The particular solution, noted as \( y_p(x) \), is crucial for addressing the non-zero part of the differential equation. It addresses the input functions or non-homogeneous terms specifically found on the right side of the equation.

• In our given exercise: \( y'' - 5y' = e^{5 x}+8 e^{-5 x} \), the inhomogeneous terms are \( e^{5 x} \) and \( 8 e^{-5 x} \).
• The provided particular solution is \( y_{p}(x)=\frac{1}{5} x e^{5 x}+\frac{4}{25} e^{-5 x} \).
• This is a specific solution to the non-homogeneous equation, capturing the behavior introduced by the non-homogeneous elements.

Particular solutions often require ``guessing'' a form of solution and refining it to fit the given equation.

Initial conditions are given values of the function and possibly its derivatives at a certain point.
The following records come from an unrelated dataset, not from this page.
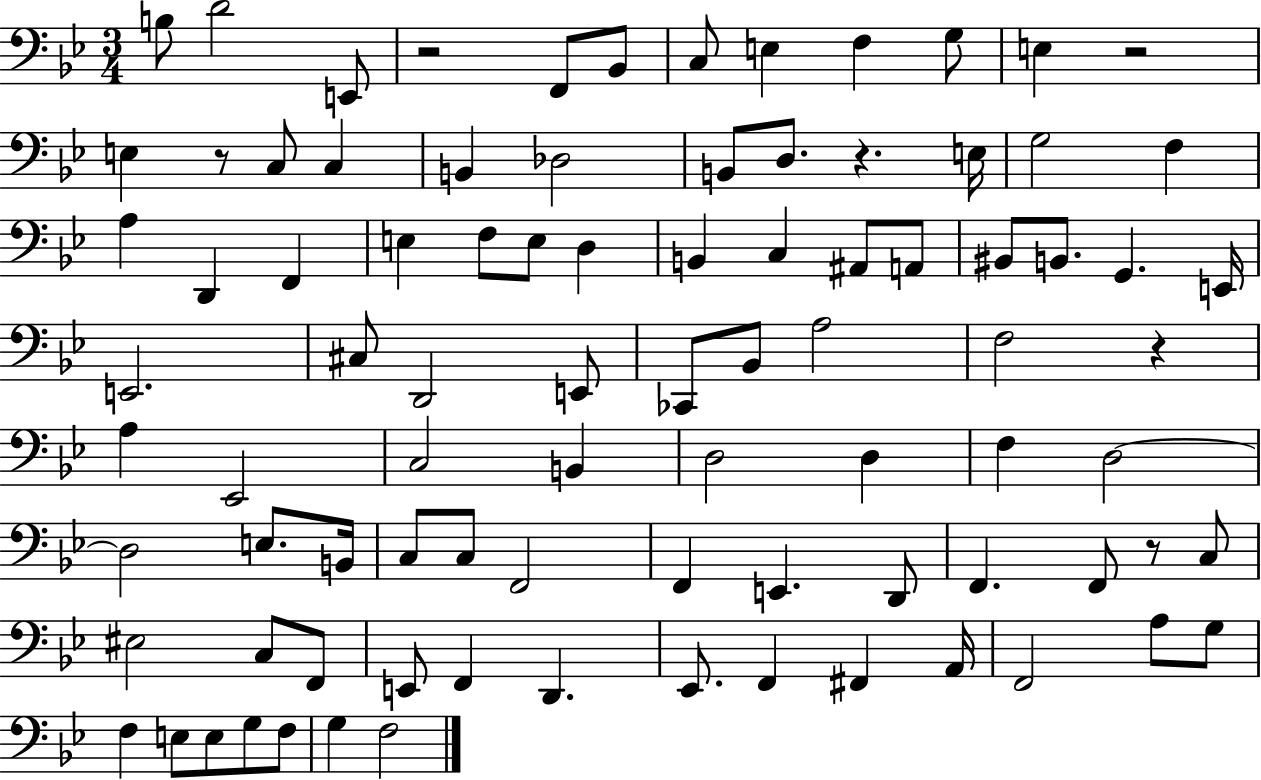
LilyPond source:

{
  \clef bass
  \numericTimeSignature
  \time 3/4
  \key bes \major
  \repeat volta 2 { b8 d'2 e,8 | r2 f,8 bes,8 | c8 e4 f4 g8 | e4 r2 | \break e4 r8 c8 c4 | b,4 des2 | b,8 d8. r4. e16 | g2 f4 | \break a4 d,4 f,4 | e4 f8 e8 d4 | b,4 c4 ais,8 a,8 | bis,8 b,8. g,4. e,16 | \break e,2. | cis8 d,2 e,8 | ces,8 bes,8 a2 | f2 r4 | \break a4 ees,2 | c2 b,4 | d2 d4 | f4 d2~~ | \break d2 e8. b,16 | c8 c8 f,2 | f,4 e,4. d,8 | f,4. f,8 r8 c8 | \break eis2 c8 f,8 | e,8 f,4 d,4. | ees,8. f,4 fis,4 a,16 | f,2 a8 g8 | \break f4 e8 e8 g8 f8 | g4 f2 | } \bar "|."
}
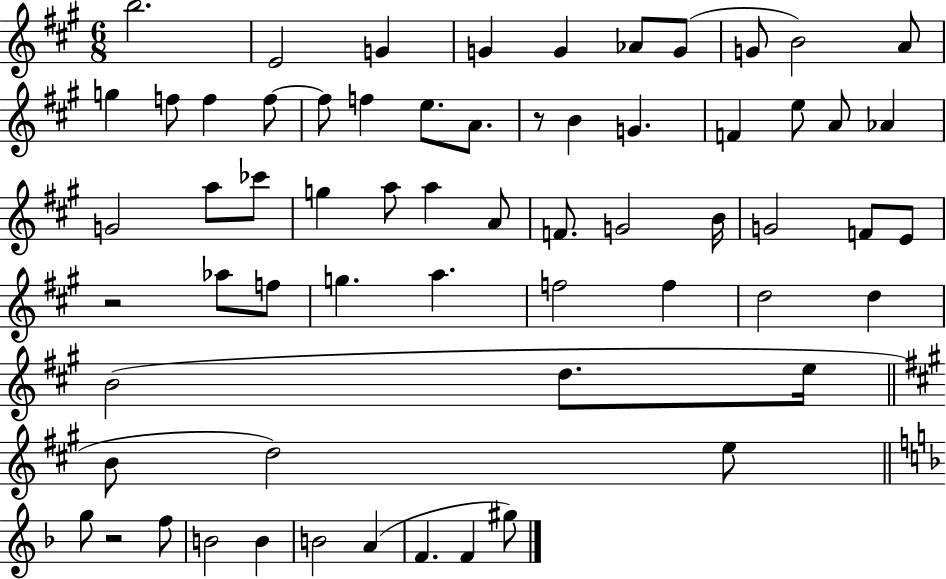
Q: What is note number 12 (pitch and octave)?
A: F5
These conditions are integral to determining the specific solution from the general solution of a differential equation.

• For this problem, the initial conditions are \( y(0) = -2 \) and \( y'(0) = 0 \).
• By substituting these conditions into the general solution, we can solve for unknown constants, in this case, \( C_1 \) and \( C_2 \).
• They help in narrowing down from a broad set of possible solutions to a single, unique solution that satisfies both the differential equation and the initial conditions.

Initial conditions transform a family of solutions into a specific, meaningful solution relevant to the condition's context.

The characteristic equation is derived during the process of finding the homogeneous solution. It emerges when you substitute \( y_h = e^{rx} \) into the homogeneous equation.

• Here, substituting \( y_h = e^{rx} \) into \( y'' - 5y' = 0 \) yields \( r^2 e^{rx} - 5r e^{rx} = 0 \).
• Simplifying, you factor \( e^{rx} \) out, resulting in \( r(r - 5) = 0 \).
• This leads to the characteristic equation \( r(r - 5) = 0 \), which gives roots of \( r = 0 \) and \( r = 5 \).
• The roots indicate the form of the homogeneous solution: \( y_h(x) = C_1 + C_2 e^{5x} \).
The characteristic equation facilitates understanding the behavior of the homogeneous equation's solutions and plays a fundamental role in forming the general solution.